Jan Komasa logra una gran tensión en cada una de las escenas del film en base al guión lacónico del galardonado escritor polaco Mateusz Pacewicz, guionista de The Hater, y a las sonrisas desconcertantes y desafiantes de Bartosz Bielenia, develando los misterios sobre la vida del protagonista en momentos inesperados que ponen a Daniel entre la espada y la pared para ofrecer una visión de las penurias y las vidas arruinadas de los jóvenes confinados en los reformatorios, instituciones de encierro que fallan en su tarea de reinsertar a los individuos en la sociedad. El director de Varsovia 44 (Miasto 44, 2014) conduce así al espectador ante la transformación de este delincuente juvenil en un sacerdote que cambia las vidas de una comunidad empatizando pero también enfrentándose a la ira que ellos sienten ante la pérdida de sus seres queridos.

Bielenia compone brillantemente a un joven de gran complejidad en su carácter, capaz de movilizar a una comunidad en pos de sobreponerse de la pena y la cólera, pero también de matar, un joven adulto sin adolescencia, sin futuro, que vive la vida como se le presenta, intentando sobrellevar su carga.

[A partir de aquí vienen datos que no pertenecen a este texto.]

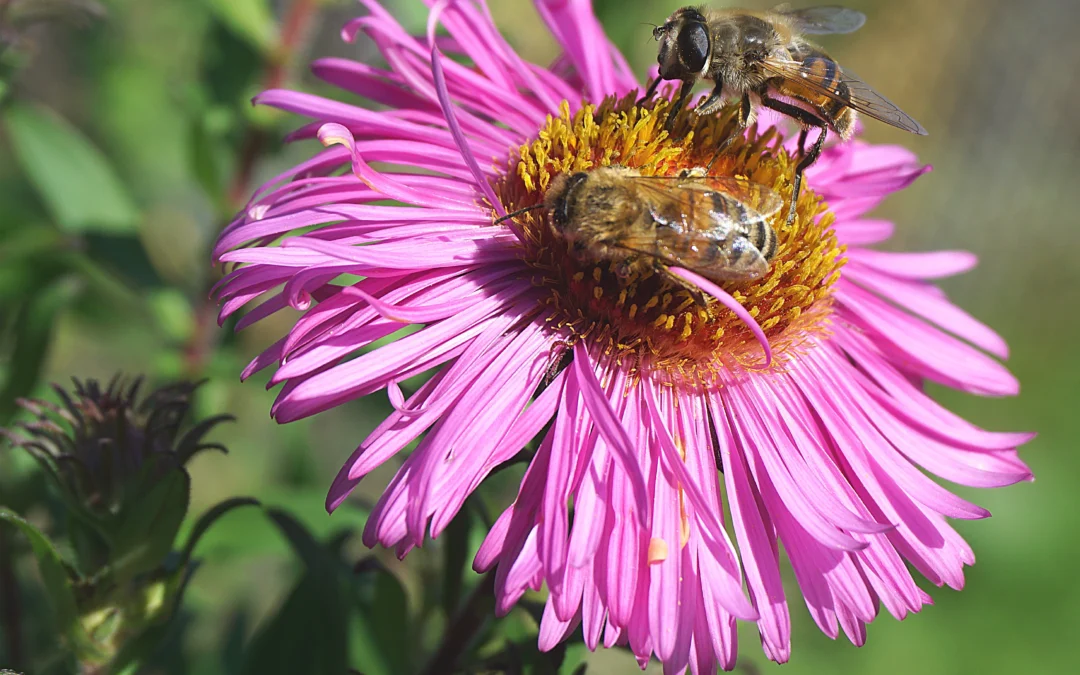 How to Create a Pollinator-Friendly Garden in Surrey This Spring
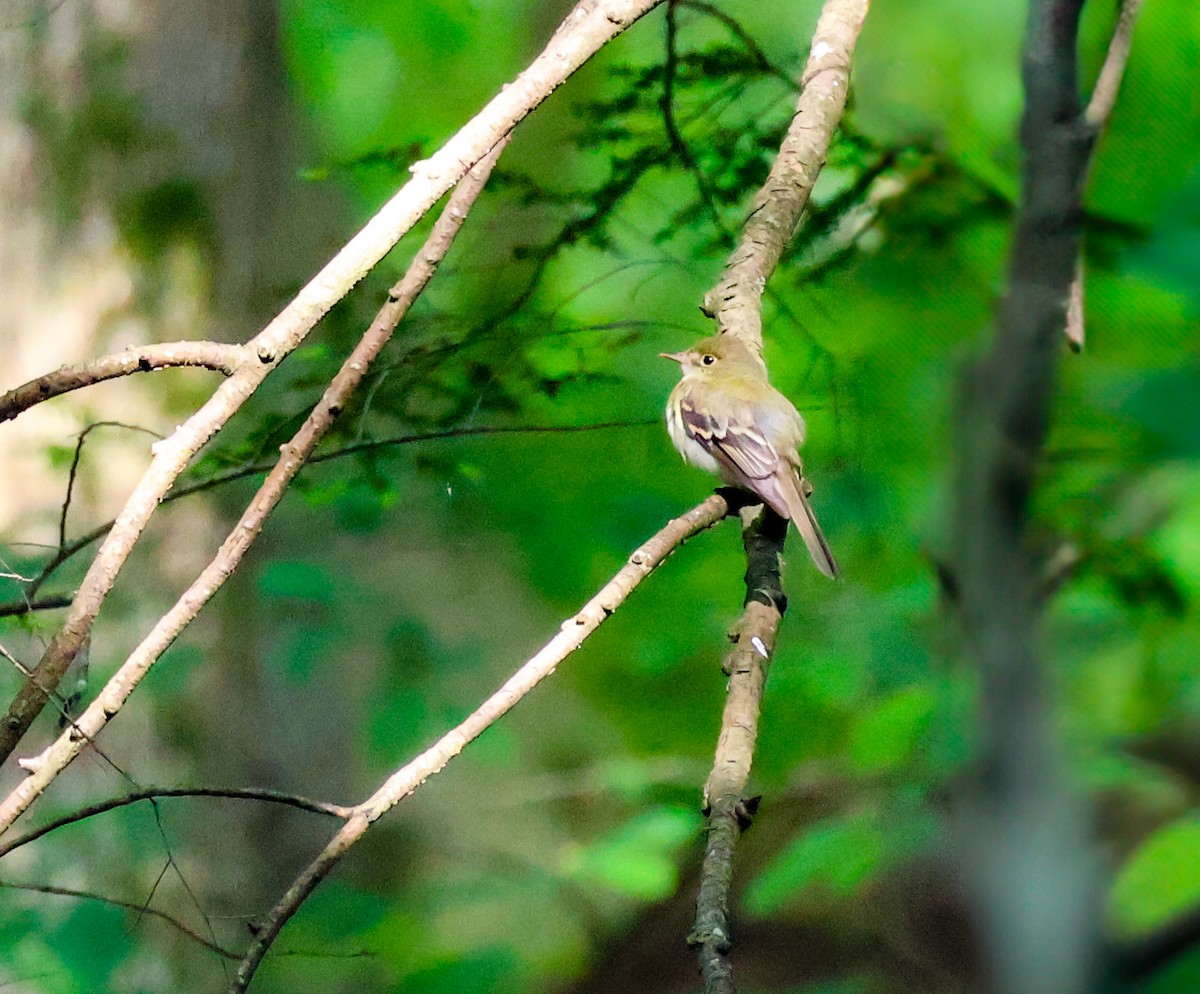 Acadian Flycatcher - ML637736684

A diferencia del protagonista de The Hater, Daniel actúa sin premeditación, creyendo en sus buenas intenciones, en su vocación de liderazgo, pero engañando con su condición.

En la fotografía de Piotr Sobocinski predomina un gris melancólico y deprimente, un trabajo sobre la imagen que se funde con la interpretación de Bielenia, un joven quebrado tempranamente por la vida que busca en los intersticios un camino hacia la supervivencia, pero también hacia la redención de sí mismo y de la comunidad que sin proponérselo termina liberando de su carga, convirtiéndose en el cordero.

Basada en un episodio real ocurrido en Polonia, Corpus Christi expone las estructuras e instituciones de las pequeñas comunidades ante las crisis producto de las tragedias, abierta a nuevas influencias, nuevas corrientes y modalidades de liderazgo como las que propone Daniel con su taciturna pero carismática personalidad, que genera atracción pero también zozobra e inquietud. Extraordinariamente dirigida e interpretada, la película hace colapsar los dogmas y coloca al espectador ante sus propias penurias para repensar el concepto de pérdida y de sanación, proponiendo que el primer paso es el enfrentamiento del individuo con su propio odio para encontrar el perdón en su corazón.